British expats abroad have been warned by the UK watchdog against buying certain bonds sold by life insurance companies on the advice of overseas advisers, because they face “high and unnecessary” charges.
The Financial Conduct Authority (FCA) placed the alert on its website this month (March) after being contacted by worried pension savers living outside of Britain.
At issue are some overseas firms that advise expats to transfer or switch their UK pensions into a self-invested personal pension (SIPP) – often marketed as an ‘international SIPP’ – in which they are then invested in offshore investment, or life, bonds.
The FCA gave a damning response to expat Brits with reservations about the level of charges being demanded for these arrangements.

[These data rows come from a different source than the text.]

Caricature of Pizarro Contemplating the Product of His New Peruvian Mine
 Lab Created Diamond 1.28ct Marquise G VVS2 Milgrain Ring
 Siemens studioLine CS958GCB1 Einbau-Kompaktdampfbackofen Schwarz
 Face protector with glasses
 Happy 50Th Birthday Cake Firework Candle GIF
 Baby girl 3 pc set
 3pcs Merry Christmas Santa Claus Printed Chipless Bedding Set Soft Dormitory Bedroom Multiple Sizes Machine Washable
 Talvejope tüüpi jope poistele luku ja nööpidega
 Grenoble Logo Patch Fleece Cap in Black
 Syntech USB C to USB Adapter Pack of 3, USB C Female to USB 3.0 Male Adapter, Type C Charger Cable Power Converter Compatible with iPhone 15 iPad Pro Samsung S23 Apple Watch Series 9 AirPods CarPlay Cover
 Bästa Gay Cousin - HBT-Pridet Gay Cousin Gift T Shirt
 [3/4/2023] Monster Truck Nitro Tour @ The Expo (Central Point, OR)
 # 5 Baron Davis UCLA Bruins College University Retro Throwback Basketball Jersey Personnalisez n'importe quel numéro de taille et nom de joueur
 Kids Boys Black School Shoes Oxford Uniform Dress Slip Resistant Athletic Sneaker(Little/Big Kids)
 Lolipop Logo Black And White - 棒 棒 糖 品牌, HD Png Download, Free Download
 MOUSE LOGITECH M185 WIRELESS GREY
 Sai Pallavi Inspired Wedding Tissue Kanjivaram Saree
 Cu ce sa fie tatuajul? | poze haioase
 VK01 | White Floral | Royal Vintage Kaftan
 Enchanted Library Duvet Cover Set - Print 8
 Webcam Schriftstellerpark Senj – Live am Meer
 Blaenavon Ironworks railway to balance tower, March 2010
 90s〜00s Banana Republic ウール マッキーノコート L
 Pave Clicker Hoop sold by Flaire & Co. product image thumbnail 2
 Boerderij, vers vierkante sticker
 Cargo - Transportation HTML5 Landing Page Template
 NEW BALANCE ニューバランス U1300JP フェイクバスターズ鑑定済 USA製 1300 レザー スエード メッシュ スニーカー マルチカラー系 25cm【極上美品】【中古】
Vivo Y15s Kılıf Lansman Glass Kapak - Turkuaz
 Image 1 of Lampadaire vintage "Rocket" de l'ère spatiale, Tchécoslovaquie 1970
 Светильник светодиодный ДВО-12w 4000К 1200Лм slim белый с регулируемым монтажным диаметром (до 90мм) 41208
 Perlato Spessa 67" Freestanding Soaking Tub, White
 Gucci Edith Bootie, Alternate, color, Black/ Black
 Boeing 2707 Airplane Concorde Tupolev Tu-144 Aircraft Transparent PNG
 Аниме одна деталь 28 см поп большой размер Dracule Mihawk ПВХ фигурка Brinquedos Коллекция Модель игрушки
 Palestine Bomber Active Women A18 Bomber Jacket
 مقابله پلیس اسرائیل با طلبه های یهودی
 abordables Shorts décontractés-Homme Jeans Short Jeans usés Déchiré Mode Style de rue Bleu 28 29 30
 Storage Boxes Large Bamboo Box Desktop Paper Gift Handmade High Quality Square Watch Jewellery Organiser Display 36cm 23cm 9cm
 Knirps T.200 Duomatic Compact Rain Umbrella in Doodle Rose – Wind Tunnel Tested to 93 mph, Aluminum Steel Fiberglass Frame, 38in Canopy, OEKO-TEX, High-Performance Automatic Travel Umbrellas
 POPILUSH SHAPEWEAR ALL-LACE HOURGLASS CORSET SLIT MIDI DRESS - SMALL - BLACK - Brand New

“We are concerned that consumers who invest in this way may be exposed to high and/or unnecessary charges,” it said.
Tax benefits of investing through an offshore investment bond “are largely redundant to someone investing in a UK personal pension scheme”, the FCA added.
Those approached by an adviser selling SIPPs invested in offshore life bonds, were warned to consider if they are really in their best interests, and to be completely clear on all the charges that will or may apply, including exit penalties to leave the scheme.
Unfortunately this is often not easy.
Rules for financial advisers vary hugely from country to country. And while some are honest and upfront about how much their advice will cost you, others hide it in layers and undisclosed commissions.
Commission-based advice was banned in the UK in 2012 after the financial watchdog ruled it encouraged advisers to sell products or services a client may not want or need.
But it is still common practice in many countries where expats go for work or to retire, leaving them vulnerable to unscrupulous sales people, who often claim their advice is ‘free’. This is never true.
You still pay, but in a way that is less transparent. Many charges can be hidden by commissions, for example:
- an adviser may take an undisclosed cut from your original investment, without telling you about the negative impact it will have
- some also take kickbacks from fund managers, pension trustees and introducers, in exchange for selling you their products and services
Every extra pair of hands (or company) that touches your money takes a cut, and though it may not initially seem like it, you can end up with far less in retirement.
Members of a defined benefit, or ‘final salary’, pension who are considering transferring into Life Bonds received a special caution from the FCA.
In some circumstances moving a defined benefit pension may be the right decision for a retiree. But it is important to get clear, impartial professional advice from a pension transfer specialist first.
Defined benefit pensions include valuable benefits like a guaranteed income for life rising with inflation, which, once transferred, are lost forever, so retirees need to be aware of the different outcomes of any decision.
Anyone advised to make any changes to any type of pension needs to consider very carefully what advantage that offers, demand in explicit terms the cost overall, and if it is more than they are currently paying, ask for a detailed explanation of why.
Remember, you can’t control investment performance, but you can keep a tight grip on charges, and that will pay long term dividends.